Physics-Inspired Multimodal Biometric Recognition Framework: Integrating Optical Characteristics in Iris and Fingerprint Identification
DOI:
https://doi.org/10.56042/ijpap.v64i1.21006Keywords:
Multimodal biometrics, Optical texture modeling, Wavelet scattering transform, Siamese network, Motion aware identification, Angular deformation, Physics-informed AIAbstract
A novel physics-informed multimodal biometric recognition framework that unifies iris and fingerprint modalities through a physically interpretable computational architecture. Conventional unimodal biometric systems are often constrained by intra-class variability, environmental distortions, and spoofing vulnerabilities. To address these, we model fingerprint textures as quasi-static surface deformations influenced by erosion and pressure dynamics, while the iris is treated as a dynamic optical structure modulated by pupil dilation and angular displacements.

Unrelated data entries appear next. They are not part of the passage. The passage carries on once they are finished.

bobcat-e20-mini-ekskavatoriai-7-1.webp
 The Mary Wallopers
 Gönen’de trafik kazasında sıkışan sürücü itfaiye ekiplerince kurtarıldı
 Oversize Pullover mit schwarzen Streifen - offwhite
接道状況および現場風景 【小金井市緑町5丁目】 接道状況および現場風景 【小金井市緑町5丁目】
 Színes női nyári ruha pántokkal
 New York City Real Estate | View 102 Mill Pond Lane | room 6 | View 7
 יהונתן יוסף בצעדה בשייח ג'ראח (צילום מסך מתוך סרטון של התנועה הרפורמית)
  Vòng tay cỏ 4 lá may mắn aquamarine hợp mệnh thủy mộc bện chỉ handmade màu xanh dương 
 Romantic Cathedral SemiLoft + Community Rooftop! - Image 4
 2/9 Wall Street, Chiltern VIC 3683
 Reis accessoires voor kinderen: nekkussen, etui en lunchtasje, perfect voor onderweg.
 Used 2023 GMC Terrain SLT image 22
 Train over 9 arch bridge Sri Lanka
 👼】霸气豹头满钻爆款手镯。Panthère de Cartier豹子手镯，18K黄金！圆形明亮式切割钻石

These physical analogs inform the feature extraction process, which employs the Wavelet Scattering Transform to capture frequency and motion-invariant features across spatial scales. A Siamese Neural Network is trained to perform metric-based classification, discerning identity through an abstract similarity embedding. Quantitative results demonstrate substantial gains: at 150 training epochs, the model achieves 98.4% training, 98.1% validation, and 98.0% test accuracy, with minimal loss. Furthermore, a SHAP based interpretability module yields a Decision Robustness of 95.73% and a Feature Attribution Strength of 91.23%, confirming the model's transparency and consistency. This interdisciplinary approach, rooted in dynamic systems theory, wave-based feature modeling, and interpretable deep learning, offers a promising pathway for resilient and explainable biometric authentication under real-world variabilities.